**What you will do:**
Among the entries below, how many lines hold the word "Picture"? Reply with the number only.
○ ○ ○ ○ ○
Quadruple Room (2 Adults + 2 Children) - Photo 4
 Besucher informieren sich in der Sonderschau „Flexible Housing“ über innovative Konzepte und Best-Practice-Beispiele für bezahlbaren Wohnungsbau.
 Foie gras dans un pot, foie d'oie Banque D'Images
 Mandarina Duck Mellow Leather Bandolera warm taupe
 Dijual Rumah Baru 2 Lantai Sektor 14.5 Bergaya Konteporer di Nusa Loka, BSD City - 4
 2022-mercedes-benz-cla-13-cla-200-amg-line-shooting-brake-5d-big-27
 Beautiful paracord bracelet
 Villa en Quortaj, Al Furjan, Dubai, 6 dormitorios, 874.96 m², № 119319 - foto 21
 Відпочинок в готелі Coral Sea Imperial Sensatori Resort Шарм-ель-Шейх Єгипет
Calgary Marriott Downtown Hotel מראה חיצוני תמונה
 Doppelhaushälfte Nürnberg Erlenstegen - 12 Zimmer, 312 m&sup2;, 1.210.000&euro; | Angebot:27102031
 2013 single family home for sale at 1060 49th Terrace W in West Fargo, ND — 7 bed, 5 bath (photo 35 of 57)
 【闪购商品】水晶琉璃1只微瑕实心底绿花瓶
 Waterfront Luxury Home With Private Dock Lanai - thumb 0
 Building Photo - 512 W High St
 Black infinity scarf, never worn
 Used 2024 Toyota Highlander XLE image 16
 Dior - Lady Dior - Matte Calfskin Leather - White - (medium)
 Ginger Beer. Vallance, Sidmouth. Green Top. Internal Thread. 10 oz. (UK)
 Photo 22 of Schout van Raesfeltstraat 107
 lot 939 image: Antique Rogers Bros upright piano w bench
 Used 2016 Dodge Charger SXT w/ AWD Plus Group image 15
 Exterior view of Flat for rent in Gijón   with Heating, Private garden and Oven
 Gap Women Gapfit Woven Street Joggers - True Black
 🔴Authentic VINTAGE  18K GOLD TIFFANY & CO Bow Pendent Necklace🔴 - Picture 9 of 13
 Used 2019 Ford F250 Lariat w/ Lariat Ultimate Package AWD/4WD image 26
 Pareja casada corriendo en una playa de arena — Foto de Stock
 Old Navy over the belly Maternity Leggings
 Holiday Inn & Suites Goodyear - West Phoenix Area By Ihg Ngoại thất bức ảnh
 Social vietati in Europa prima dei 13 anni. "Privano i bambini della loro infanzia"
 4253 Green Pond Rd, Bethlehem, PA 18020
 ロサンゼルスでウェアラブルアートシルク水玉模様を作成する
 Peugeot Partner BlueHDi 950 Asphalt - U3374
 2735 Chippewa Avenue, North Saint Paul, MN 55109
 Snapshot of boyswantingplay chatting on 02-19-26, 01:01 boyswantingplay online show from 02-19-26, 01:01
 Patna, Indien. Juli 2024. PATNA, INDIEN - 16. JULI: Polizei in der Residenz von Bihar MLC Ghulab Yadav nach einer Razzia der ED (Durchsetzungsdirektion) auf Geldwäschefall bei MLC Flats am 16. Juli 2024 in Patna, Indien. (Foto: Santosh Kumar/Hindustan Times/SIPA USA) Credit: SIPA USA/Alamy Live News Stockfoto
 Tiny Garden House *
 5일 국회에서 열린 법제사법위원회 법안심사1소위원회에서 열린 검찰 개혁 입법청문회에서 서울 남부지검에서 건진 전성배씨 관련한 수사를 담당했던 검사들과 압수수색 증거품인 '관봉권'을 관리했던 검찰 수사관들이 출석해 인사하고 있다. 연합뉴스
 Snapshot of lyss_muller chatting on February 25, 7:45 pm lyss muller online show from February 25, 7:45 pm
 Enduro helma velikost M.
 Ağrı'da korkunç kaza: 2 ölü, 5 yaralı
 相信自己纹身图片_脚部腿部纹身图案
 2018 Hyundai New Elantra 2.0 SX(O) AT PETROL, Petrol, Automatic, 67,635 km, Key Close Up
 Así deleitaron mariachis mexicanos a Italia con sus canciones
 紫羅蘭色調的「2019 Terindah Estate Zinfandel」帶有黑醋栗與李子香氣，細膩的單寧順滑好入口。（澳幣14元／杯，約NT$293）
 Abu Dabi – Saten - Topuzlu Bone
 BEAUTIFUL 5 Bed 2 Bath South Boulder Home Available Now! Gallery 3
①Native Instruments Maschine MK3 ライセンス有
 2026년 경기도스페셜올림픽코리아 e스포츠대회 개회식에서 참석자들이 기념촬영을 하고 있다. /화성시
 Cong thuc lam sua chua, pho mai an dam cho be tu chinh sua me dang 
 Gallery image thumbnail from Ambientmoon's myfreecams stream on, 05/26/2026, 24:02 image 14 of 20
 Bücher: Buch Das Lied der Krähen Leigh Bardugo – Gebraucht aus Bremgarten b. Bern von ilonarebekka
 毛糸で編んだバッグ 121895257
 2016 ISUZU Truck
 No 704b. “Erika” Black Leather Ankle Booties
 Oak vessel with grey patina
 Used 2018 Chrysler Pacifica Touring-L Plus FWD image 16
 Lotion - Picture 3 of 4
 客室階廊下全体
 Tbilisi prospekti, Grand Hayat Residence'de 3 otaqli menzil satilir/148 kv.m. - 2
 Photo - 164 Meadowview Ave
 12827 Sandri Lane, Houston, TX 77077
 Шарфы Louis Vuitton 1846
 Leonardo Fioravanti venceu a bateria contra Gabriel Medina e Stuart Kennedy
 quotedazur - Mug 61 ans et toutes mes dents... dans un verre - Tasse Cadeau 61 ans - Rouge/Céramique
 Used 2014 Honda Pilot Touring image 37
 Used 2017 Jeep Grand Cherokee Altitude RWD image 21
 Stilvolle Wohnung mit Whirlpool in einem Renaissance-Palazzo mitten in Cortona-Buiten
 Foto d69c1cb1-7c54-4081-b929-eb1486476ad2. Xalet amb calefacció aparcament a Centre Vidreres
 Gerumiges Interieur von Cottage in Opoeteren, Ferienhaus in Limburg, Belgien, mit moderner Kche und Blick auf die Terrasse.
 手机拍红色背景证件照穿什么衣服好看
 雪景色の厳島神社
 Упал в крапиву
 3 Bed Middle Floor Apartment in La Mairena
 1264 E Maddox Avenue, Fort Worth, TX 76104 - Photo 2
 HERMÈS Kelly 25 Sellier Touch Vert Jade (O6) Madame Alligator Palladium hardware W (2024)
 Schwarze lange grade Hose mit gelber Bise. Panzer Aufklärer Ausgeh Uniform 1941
○ ○ ○ ○ ○
**Written answer:**
2